“Ramadan yang di dalamnya –mulai- diturunkannya Alquran sebagai petunjuk bagi manusia dan keterangan-keterangan yang nyata yang menunjuk kepada kebenaran, yang membedakan antara yang haq dan yang batil.” [QS. Al-Baqarah: 185]
Al-Hafizh Isma’il bin ‘Umar bin Katsir Al-Bashrawi Ad-Dimasyqi (700-774) yang lebih terkenal dengan sapaan Ibnu Katsir rahmatullah ‘alaih, berkata mengenai ayat ini dalam Tafsir Alquran Al-‘Azhim (I/460-461 –Darul Hadis), “Allah menyanjung bulan puasa dibanding bulan-bulan lain dengan dipilihnya sebagai waktu diturunkannya Alquran Al-‘Azhim. Karena hal ini pula Dia mengistimewakannya. Dalam sebuah hadis disebutkan bahwa kitab-kitab suci diturunkan kepada para nabi ‘alaihimussalam di bulan ini. Imam Ahmad bin Hanbal rahimahullah [Al-Musnad VI/107] berkata, Abu Sa’id Maula Bani Hasyim telah bercerita kepada kami, ‘Imran Abul ‘Awwam telah bercerita kepada kami, dari Qatadah, dari Abul Malih, dari Watsilah yaitu Al-Asqa’, bahwasannya Rasulullah ﷺ bersabda:
أنزلت صحف إبراهيم في أول ليلة من رمضان ، و أنزلت التوراة لست مضين من رمضان و الإنجيل لثلاث عشر خلت من رمضان و أنزل الله القرآن لأربع و عشرين خلت من رمضان
“Suhuf Ibrahim diturunkan pada malam pertama Ramadan, Taurat diturunkan pada enam Ramadan, Injil diturunkan pada tiga belas Ramadan, dan Allah menurunkan Alquran pada dua puluh empat Ramadan.”

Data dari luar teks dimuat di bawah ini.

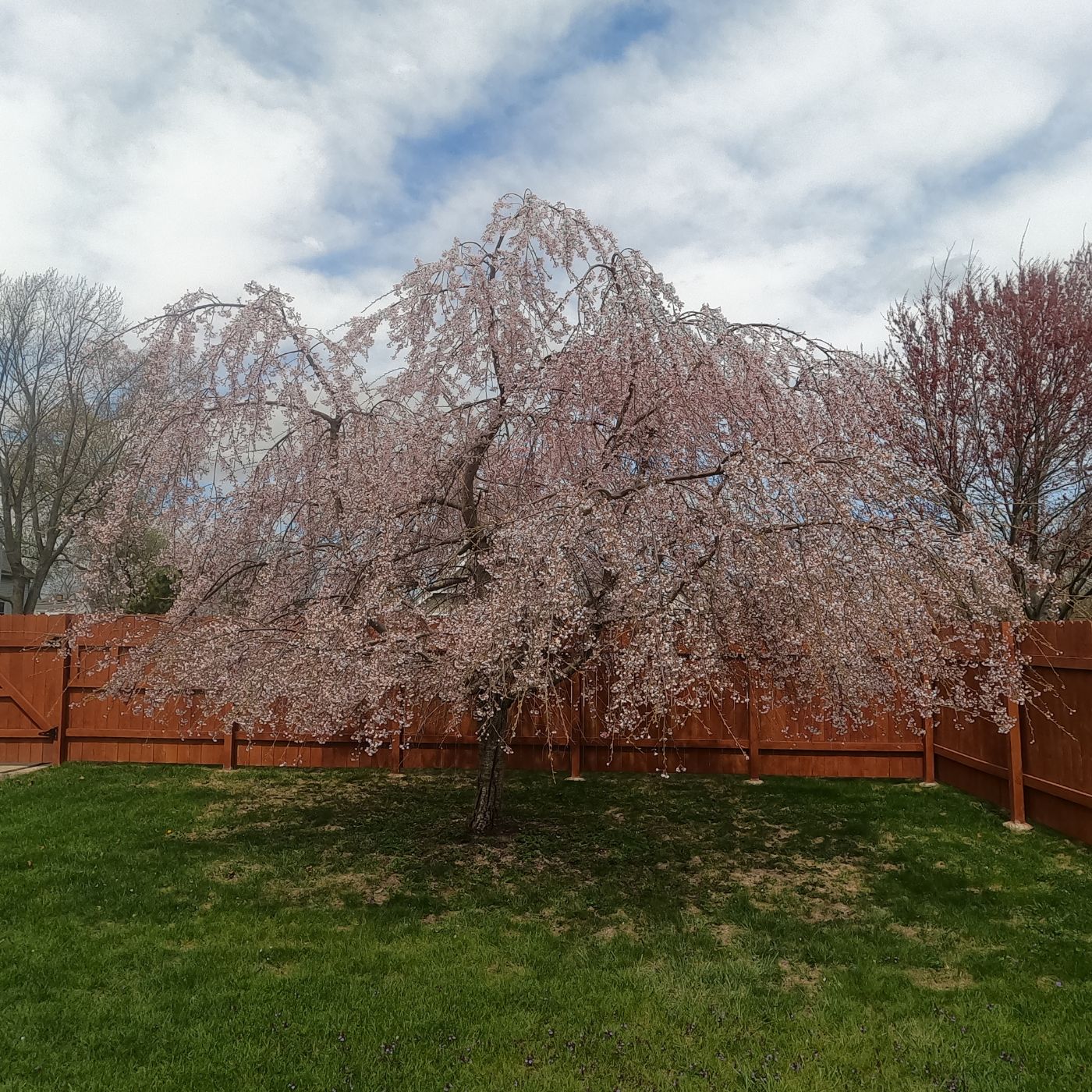 Interview: The Dobermans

Telah diriwayatkan pula hadis dari Jabir bin ‘Abdullah radhiyallahu ‘anhu. Di dalamnya disebutkan, “Bahwasannya Zabur diturunkan pada dua belas Ramadan dan Injil pada sepuluh Ramadan.” Sementara yang lainnya sebagaimana di atas yang diriwayatkan oleh Ibnu Mardawih.
Adapun Shuhuf, Taurat, Zabur, dan Injil, maka diturunkan secara spontan kepada nabi yang menerima. Sedangkan Alquran diturunkan secara spontan di Baitul ‘Izzah yang berada di langit bumi. Hal itu terjadi pada waktu Ramadan di Lailatul Qadar, berdasarkan firman Allah Ta’ala, “Kami telah menurunkannya di Lailatul Qadar ” juga pernyataan-Nya, “Sesungguhnya Kami telah menurunkannya di malam yang penuh keberkahan.” Kemudian setelah itu turun berangsur-angsur berdasarkan pristiwa-pristiwa yang dialami Rasulullah ﷺ .” Selesai keterangan Ibnu Katsir.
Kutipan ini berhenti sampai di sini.